= Jameel Humadan =

Jameel Humaidan is the current Minister of Labor and Social Development of Bahrain.

== Current positions ==
- Minister of Labour and Social Development since September 30, 2015, upon Royal Decree No. (65) 2015.
- Minister of Labour February 26, 2011 – September 2015, upon Royal Decree No. (14) 2011, and Royal Decree No. (38) 2014.
- Board Chairman, Labour Market Regulatory Authority (LMRA).
- Board Chairman, Family Bank.
- Chairman, Occupational Health and Safety Council.
- Head of Quartet Committee for Expatriate Labour Mobility.
- Head of Joint Committee for Evaluating Repercussions of the Economic Crises and its Impact on National Labour.
- Head of Committee for Reviewing the Status of Illegal Workers.
- Head of Talented and Outstanding Workers’ Ceremony Committee.
- Head of National Committee for Childhood.
- Board Chairman, High Council for Vocational Training (February 2011 – October 2015).
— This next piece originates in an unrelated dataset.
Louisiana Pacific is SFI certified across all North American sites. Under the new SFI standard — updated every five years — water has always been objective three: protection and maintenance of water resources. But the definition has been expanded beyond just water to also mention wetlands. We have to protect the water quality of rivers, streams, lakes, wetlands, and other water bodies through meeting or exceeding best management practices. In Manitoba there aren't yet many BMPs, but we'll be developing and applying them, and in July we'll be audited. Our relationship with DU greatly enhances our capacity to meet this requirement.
== Membership in boards, councils and committees ==
- Board Member, Economic Development Board (EDB).
- Board of Trustees Member, University of Bahrain.
- Member, Civil Service Council.
- Member, Civil Defense Council.
- Member, Education and Training Reform Committee.
- Member of the Ministerial Committee for Finance and Economic Affairs.
- Member of the Ministerial Committee for Legal Affairs.
- Member of the Ministerial Committee for Social Services, Communication and Information.
- Member of the Ministerial Committee for Infrastructure and services 2011–2014.

== Regional and international memberships ==
- Boards Member, International Labour Organization (ILO), since June 2014.
- Member, GCC Labour and Social Affairs Ministers’ Council.
- Vice President, the 16th Asia and the Pacific Regional Meeting, Bali, Indonesia.
- Chairman, GCC Insurance Against Unemployment team since June 2012.
- Chairman, GCC Labour Ministers’ Council 30th session, 2013.
- Board Chairman, Arab Labour Organization in 2011.
- Member, Social Insurance Expertise Committee for providing social insurance for GCC nationals working in Gulf countries.
- General Coordinator, The Standard Gulf Directory For Occupational Classification and Standardization.
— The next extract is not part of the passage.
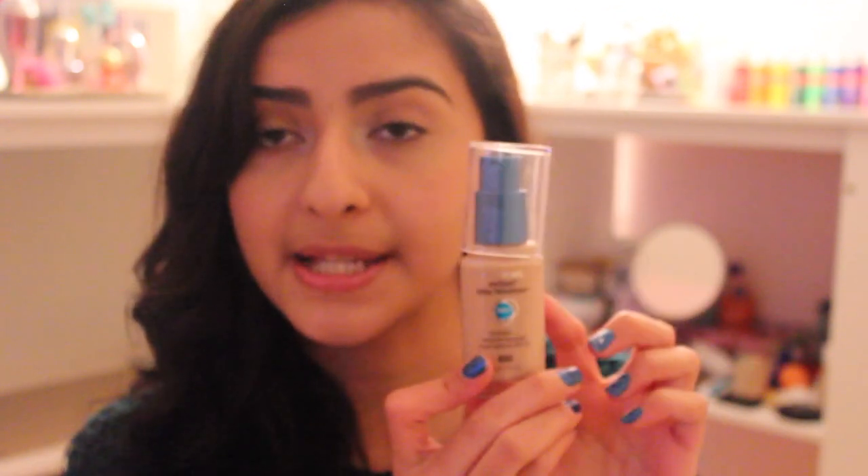I got the CoverGirl Outlast Foundation, which I know a lot of people rave about, and I can't wait to use it. And the Real Techniques Miracle Complexion Sponge — I heard it's a dupe for the Beauty Blender and it's like one third of the cost, so that's really exciting. The last thing I got, which came in the mail, is the Walmart Beauty Box — let me know if you'd like to see a video on that because I'll gladly do it.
== Arab and international participations ==
- Represented His Royal Highness Prince Khalifa Bin Salman Al Khalifa, Bahrain Prime Minister in the United Nations Security Council's Conference on Human Trafficking, New York (December 20, 2016).
- Represents the Kingdom of Bahrain in the annual conferences of the ILO, the Arab Labour Organization (ALO), and a number of other related Arab and international organization's meetings and conferences.
- Headed a number of joint committees on the Arab and GCC countries level.

== Major accomplishments ==
- Participated in establishing the new Bahrain Labour Law for Private Sector, issued in 2012.
- Issued a number of Ministerial Decrees regulating the Labour Law with direct impact on enhancing labour rights and unions’ activities in Bahrain.
- Launched many pioneer initiatives and projects in the field of Training and employment, such as the National Labour Market Observatory, the Occupational Standards Project, Graduates Employment Project, Hospitality Institute Project.
- Supervised and prepared a number of labour studies and programs in the GCC.
- Former Member of the Editorial Committee for Social and Labour Studies Publications.
- Received His Majesty the King's "Medal of Bahrain", (National Day, December 16, 2016).
- Received His Majesty the King's Medal of the First Class Efficiency as one of the pioneer national workers (National Day, December 16, 2009).